Limited Liability Companies
A limited liability company (LLC) is a partnership or a sole proprietorship that limits the liability of the business to the business, not the partners or proprietor. Unlike working in a general partnership, the partners of an LLC can operate the business without exposing themselves to personal liability for the debt or torts of others.
Like a sole proprietorship or a partnership, gains and losses pass through to the owners of the business. Owners are called members and must report and pay taxes on the LLC income on their individual tax returns and they must pay estimated taxes quarterly. LLC's do not pay federal income taxes, although they may pay state taxes. Active members, but not passive investors, also pay self-employment taxes.
A limited liability company combines the corporate benefit of limited liability for the owners and the benefits of partnership taxation, with a single level of tax at the owner level and possible special allocations of income, losses, and cash flows. However, LLC's can elect to be taxed as a C corporation. Most states require annual tax reporting by LLC's.
Single-member LLC's file Schedule C, Profit or Loss from Business, single-member farming LLC's file Schedule F, Profit or Loss from Farming, and multimember LLC's file Form 1065, U.S. Return Of Partnership Income.
Only the business assets are subject to creditors' claims, not the personal assets belonging to members, even if the LLC only has a single member. However, the IRS and state tax authorities can collect LLC payroll taxes directly from members. Of course, even key employees of C corporations can be held liable for payroll taxes.
The advantages of the LLC over a corporate entity includes the following:
- an LLC is cheaper to operate;
- an LLC can allocate income and expenses to the members that differs from their ownership interest, while corporations must allocate income and expenses according to the shareholders' percentage of ownership;
- an LLC can have an unlimited number of owners, including foreign owners, while an S corporation is limited to 100 shareholders, none of whom can be nonresident aliens.
LLC's are much like limited partnerships except they do not require a general partner that assumes full personal liability for all business debts. Furthermore, unlike LLC members, limited partners can lose their limited liability if they participate actively in the business.
Since LLC's are pass-through entities, there is no double taxation of profits as there is with a C corporation. Furthermore, a liquidation of the C corporation may result in corporate and shareholder taxes, while a liquidation of an LLC usually only has tax consequences to the members.
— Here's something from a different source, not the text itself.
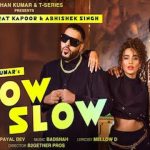 Slow Slow Lyrics - Badshah | Payal Dev
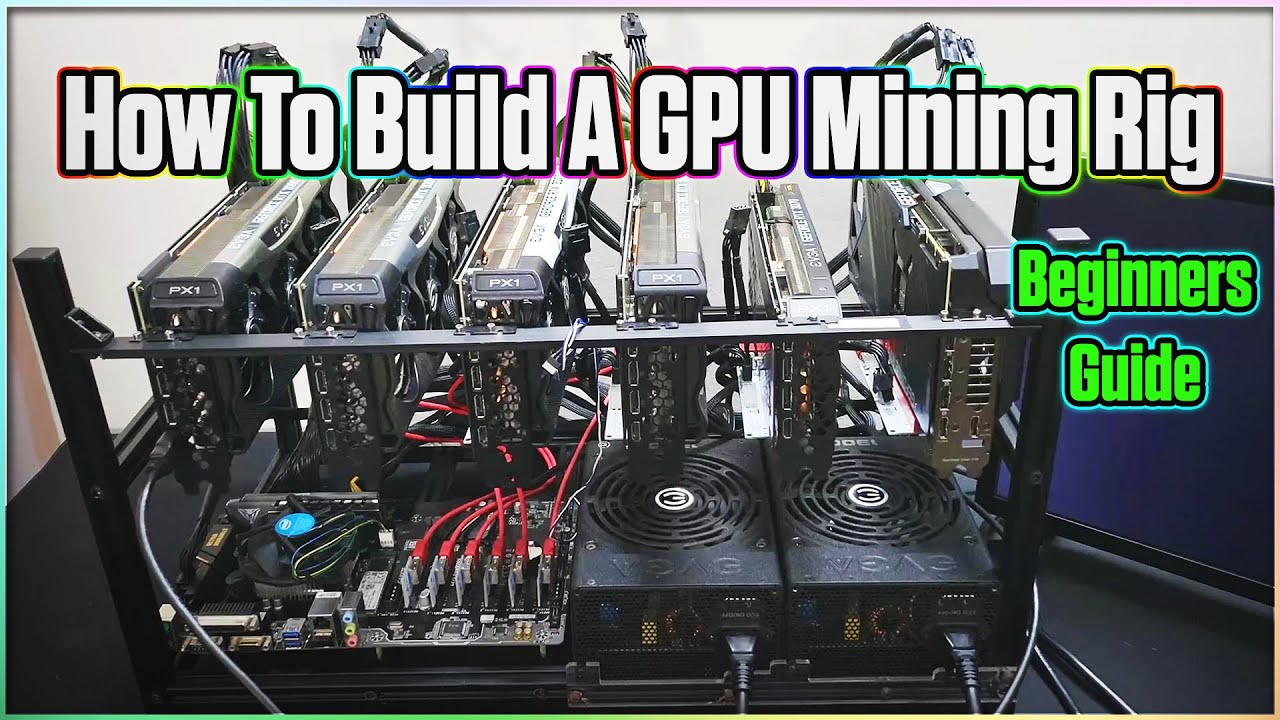 How To Setup a Mining Rig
However, any profit left in an LLC at the end of the tax year is taxable income to the members, whether they withdraw the money or not. Hence, they do not benefit from the lower corporate tax rate on C corporations.
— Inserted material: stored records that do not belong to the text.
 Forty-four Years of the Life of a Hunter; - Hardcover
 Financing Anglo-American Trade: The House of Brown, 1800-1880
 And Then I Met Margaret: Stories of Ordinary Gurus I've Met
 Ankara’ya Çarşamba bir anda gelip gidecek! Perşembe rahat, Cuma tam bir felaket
Many states also allow the formation of limited liability partnerships (LLPs), which is an LLC for specified professionals — usually state licensed occupations, such as doctors, accountants, lawyers, or architects. The LLP designation, or RLLP for Registered Limited Liability Partnership, must be part of the business's name in all legal transactions and in public advertising. Unlike a general partnership, the partners of an LLP do not have liability for malpractice by the partners; they only have liability for their own actions.
Forming an LLC
LLC's are regulated under state law and while the laws vary among the different states, there are some common elements. To form an LLC, members must contribute money, property, labor, or skill, to carry on a trade or business. Members can include individuals, other LLC's, corporations, and foreign entities. The members must provide written articles of organization (aka certificate of formation, certificate of organization) that is filed with the Secretary of State. Filing fees generally range from $50 or more, and some states require the payment of an annual franchise tax.
Some businesses cannot be LLC's, such as banks, insurance companies, and nonprofit organizations.
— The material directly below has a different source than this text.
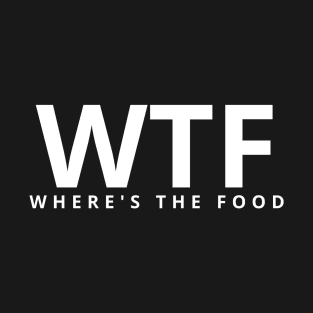 Funny Humor, WTF (Where's the food) T-Shirt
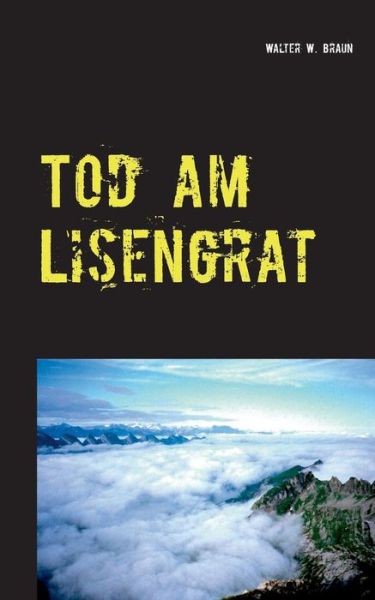 Cover for Braun · Tod am Lisengrat (Buch) [German edition] (2019)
Unless the LLC has only a single member who can use his Social Security number, it must obtain a federal identification number (FEIN), especially if the LLC will have employees. There may be other requirements such as the publication of the business name in a local newspaper, a local business or occupational license, or a sales tax permit.
An operating agreement governs LLC members and their operation of the LLC, including voting rights, who has check signing authority, profit-sharing, rules for ownership transfers, responsibilities of the individual members, and other essentials. There are generally no documenting requirements as there is with corporations, such as keeping minutes, passing resolutions, or recording annual meetings, although it may be wise to document important decisions.
The operating agreement for a multimember LLC must specify the percentage of income or loss allocated to each member. LLCs also allow special allocations of separately stated items, as do partnerships, but they must satisfy specific tax code requirements and must be specified in the LLC operating agreement. The purpose of special allocations cannot only be tax avoidance.
Although there are generally no obstacles to converting another business entity to a limited liability company, it may have tax consequences, especially if the previous business entity was a corporation. In such a case, the C corporation would have to be liquidated, which under tax law, the assets of the corporation will be treated as being sold to the shareholders, resulting in income or losses for both the corporation and the shareholders.